Mars One Monday rounds up the past week’s reports on the project to send people on a one-way journey to Mars.
Ticket to Rise
Last week Mars One announced a fundraising campaign that will conclude with one lucky member of the public riding a suborbital rocket plane. The “Ticket to Rise” campaign uses the Urgency Network’s social crowdfunding system to collect donations internationally. It provides rewards based on the value of the donation - a $25 donation gets a “Mars and Me Selfie”, for example, while $5000 donation gets access to the launch of Mars One’s robotic mission in 2018. For every dollar donated, you get 5 entries to the grand prize drawing - a trip for one on a Lynx suborbital rocketplane flight.
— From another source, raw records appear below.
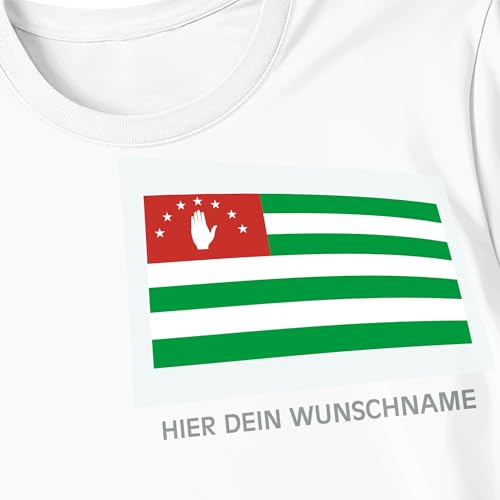 Kiwistar - Bügelbilder für Textilien - Abchasien - Bügeletiketten mit Länderflagge und Wunschtext - ab 120 mm personalisierbar für Trikots, Kleidung, Sport, Teams, Schule, EM, WM, Events, Name, Nummer Kiwistar - Bügelbilder für Textilien - Abchasien - Bügeletiketten mit Länderflagge und Wunschtext - ab 120 mm personalisierbar für Trikots, Kleidung, Sport, Teams, Schule, EM, WM, Events, Name, Nummer von Kiwistar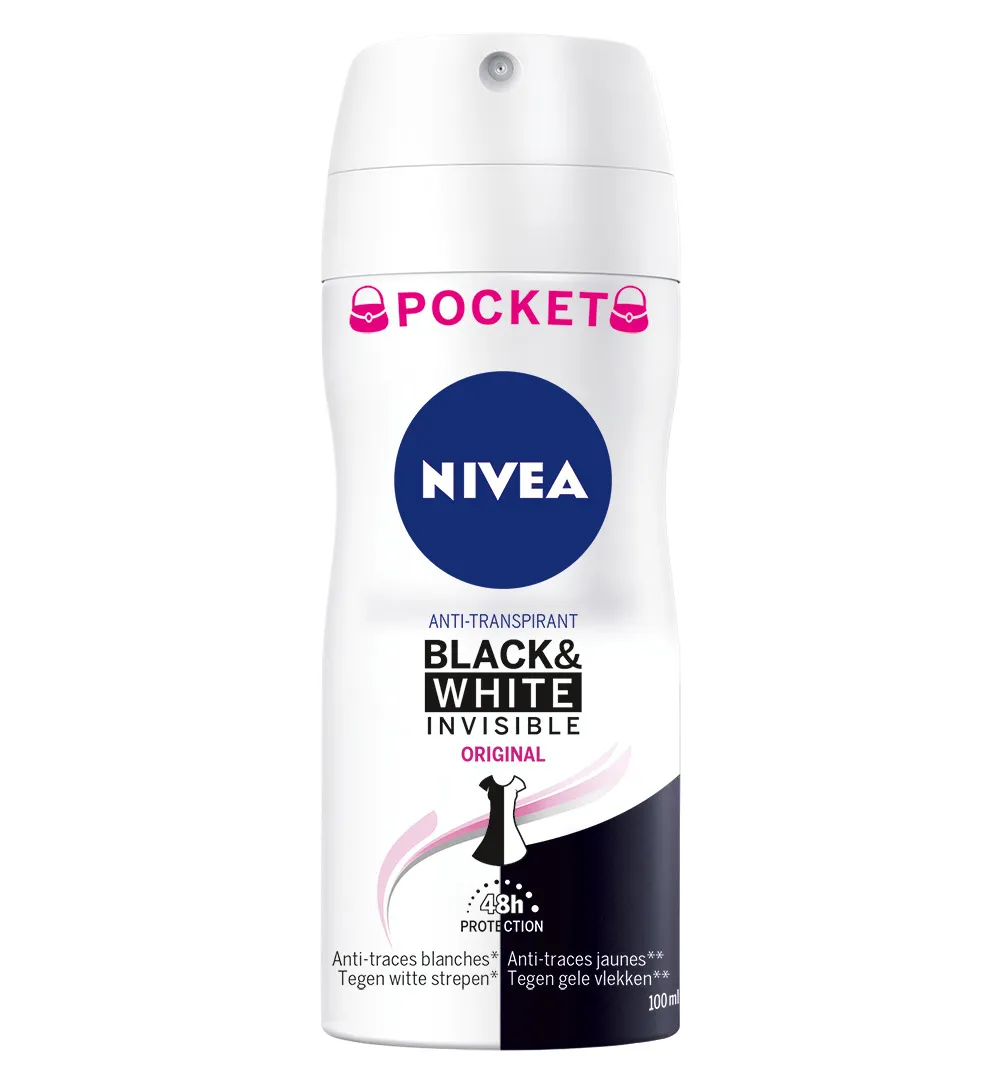 Nivea Deodorant black & white clear (100 ml)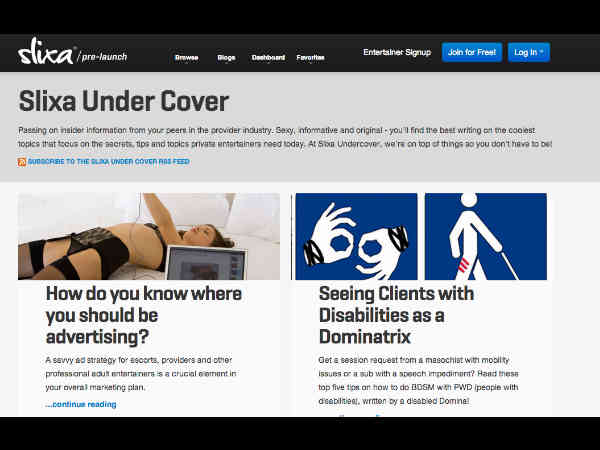 Slixa Under Cover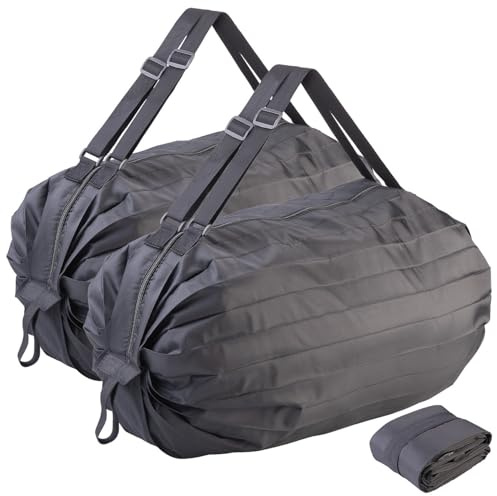 PEARL Falttasche: 2er Set Leichte Falt-Reisetasche aus Polyester, 30 L, mit 68-cm-Trageg (leichte Reisetasche Handgepäck, kompakte, Beutel)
The Urgency Network gets around laws about sweepstakes by letting people make social media contributions rather than give money. Subscribing to tweets, watching videos, and other activities count as donations and qualify for the drawing.
Of course there’s a catch: XCor’s Lynx doesn’t exist yet. Flight testing isn’t scheduled to begin until later this year and commercial flights in 2015.
Women on Mars
The latest post to Mars One’s blog, Mars Exchange, comes from Special Assistant to the NASA Administrator for Innovation and Public-Private Partnership advisor Dr. Rebecca Spyke Keiser. She talks about the historically low rate of participation in space exploration by women and what Nasa has been doing to attract more women into science and engineering careers.
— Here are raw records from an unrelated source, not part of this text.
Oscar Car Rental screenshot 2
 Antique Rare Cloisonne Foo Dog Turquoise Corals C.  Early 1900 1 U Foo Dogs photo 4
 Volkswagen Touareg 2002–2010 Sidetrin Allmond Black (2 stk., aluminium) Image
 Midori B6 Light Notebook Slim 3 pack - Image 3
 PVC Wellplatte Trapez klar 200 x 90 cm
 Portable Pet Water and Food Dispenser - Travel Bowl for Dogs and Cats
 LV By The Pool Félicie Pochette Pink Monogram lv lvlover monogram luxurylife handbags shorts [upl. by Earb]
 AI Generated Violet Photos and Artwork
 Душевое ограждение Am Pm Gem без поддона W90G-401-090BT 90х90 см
Mars One Candidates in the News
In South Africa, the New Age and Fin24 discussed Divashen Govender’s candidacy while the South African Broadcasting Company broadcast an interview with the University of KwaZulu-Natal student.
Hampshire College professor Salman Hamid wrote in the Express Tribune about Mars settlement as a continuation of the human story begun in Africa millions of years ago.
The University of Pittsburgh’s campus newspaper published an opinion piece calling on Mars One to take a higher road when producing the televised selection process. The importance of developing the candidates’ skills, argues Bethel Habte, must take a priority over superficial entertainment typical of reality TV.
Colorado TV station KDVR interviewed Max Fagin, a Colorado native attending graduate school at Purdue University. Fagin talked about his participation in the US/Japanese team that won a recent Mars mission design contest.